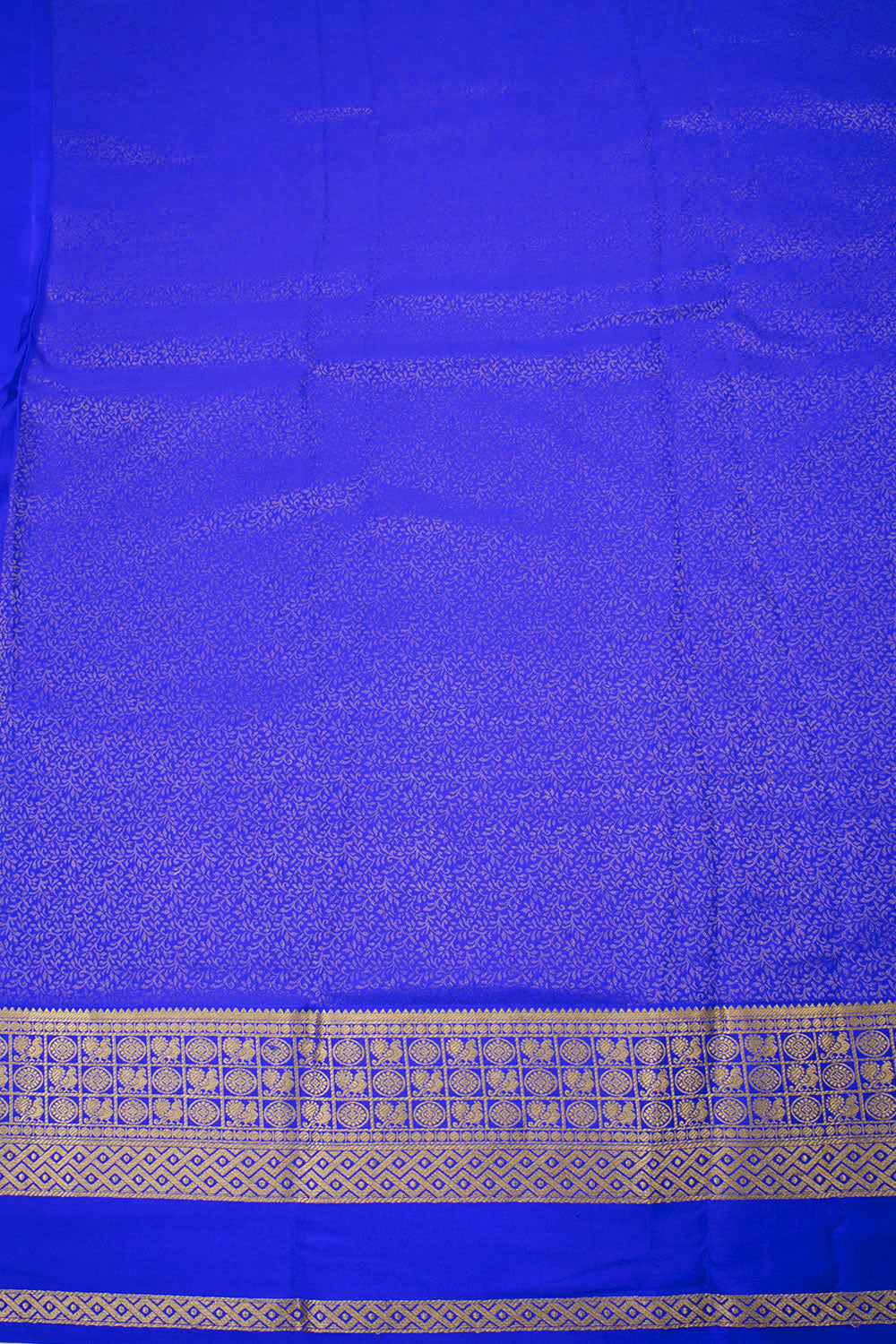 Peach with Blue Mysore Crepe Silk Saree - 10064321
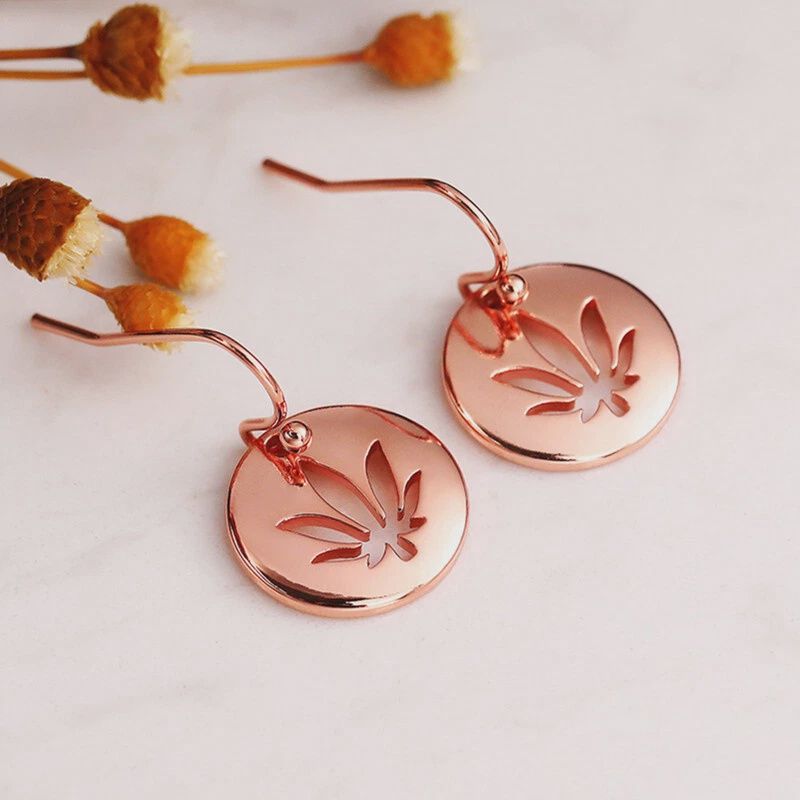 Rose Gold Cannabis Leaf Earrings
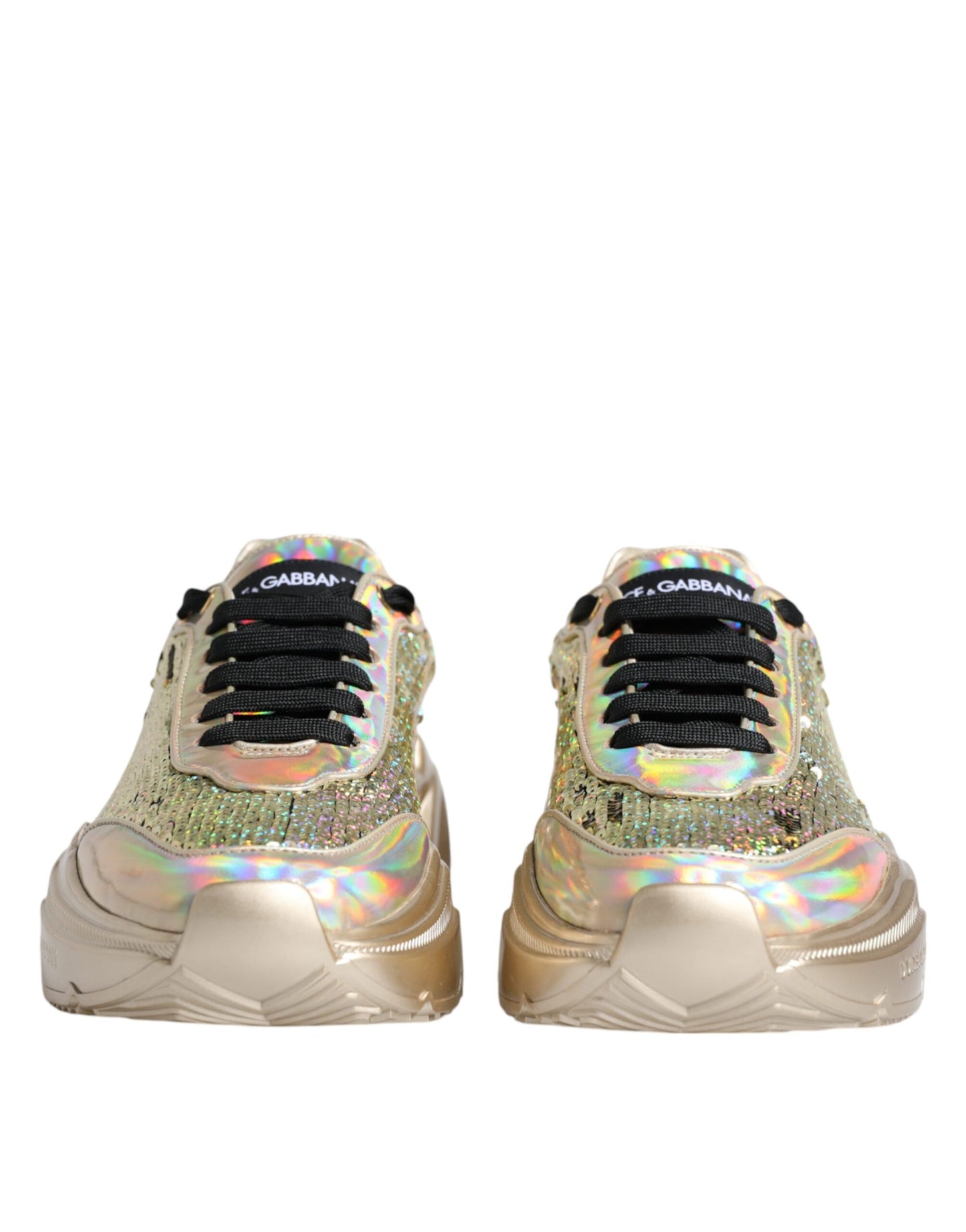 Dolce & Gabbana Gold Sequin Iridiscent Daymaster Sneakers Shoes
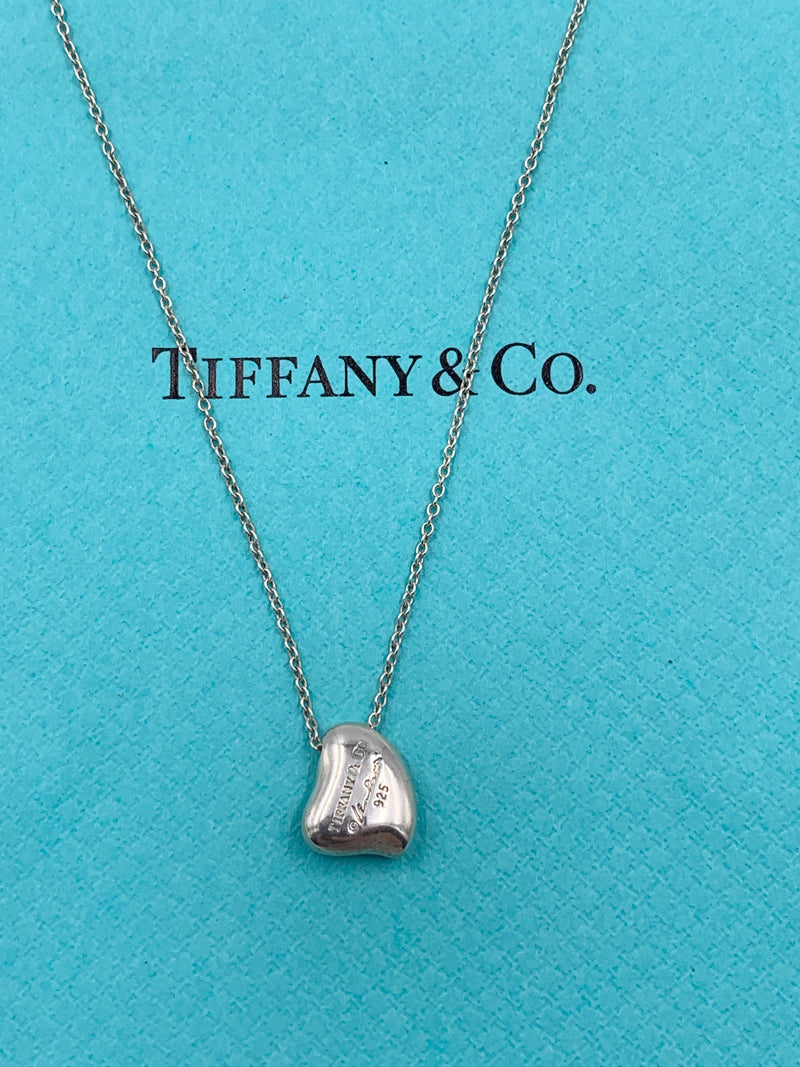 Tiffany & Co Elsa Peretti Silver Solid Full Heart Pendant Necklace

============================================================

[AIM OF THE TASK]: The required output is each line above restated verbatim, with all images omitted.

[RESPONSE AREA]:
 Peach with Blue Mysore Crepe Silk Saree - 10064321
 Rose Gold Cannabis Leaf Earrings
 Dolce & Gabbana Gold Sequin Iridiscent Daymaster Sneakers Shoes
 Tiffany & Co Elsa Peretti Silver Solid Full Heart Pendant Necklace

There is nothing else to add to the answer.